__EXERCISE BRIEF__:
Pictures aside, repeat the listing below exactly.

*** DATA PROVIDED Section Begins ***

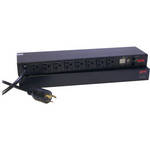 APC Switched 8-Outlet Rack Power Distribution Unit (PDU) - 100/120V, 20A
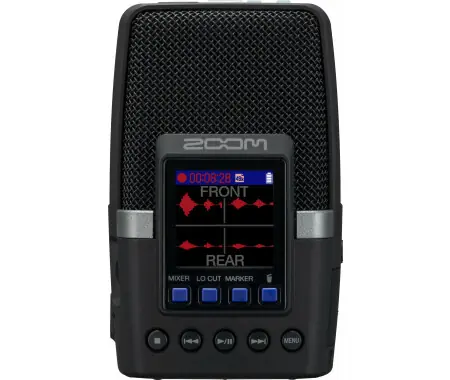Direttamente Dal Produttore Zoom H2essential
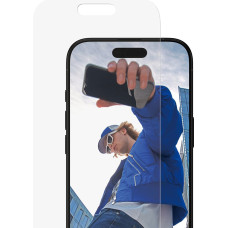 Panzerglass ® Screen Protector iPhone 17 | iPhone 16 Pro | Classic Fit w. EasyAligner Caurspīdīgs ekrāna aizsargs Apple 1 pcs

*** DATA PROVIDED Section Ends ***

__SOLUTION FOR THIS PROBLEM__:
 APC Switched 8-Outlet Rack Power Distribution Unit (PDU) - 100/120V, 20A
Direttamente Dal Produttore Zoom H2essential
 Panzerglass ® Screen Protector iPhone 17 | iPhone 16 Pro | Classic Fit w. EasyAligner Caurspīdīgs ekrāna aizsargs Apple 1 pcs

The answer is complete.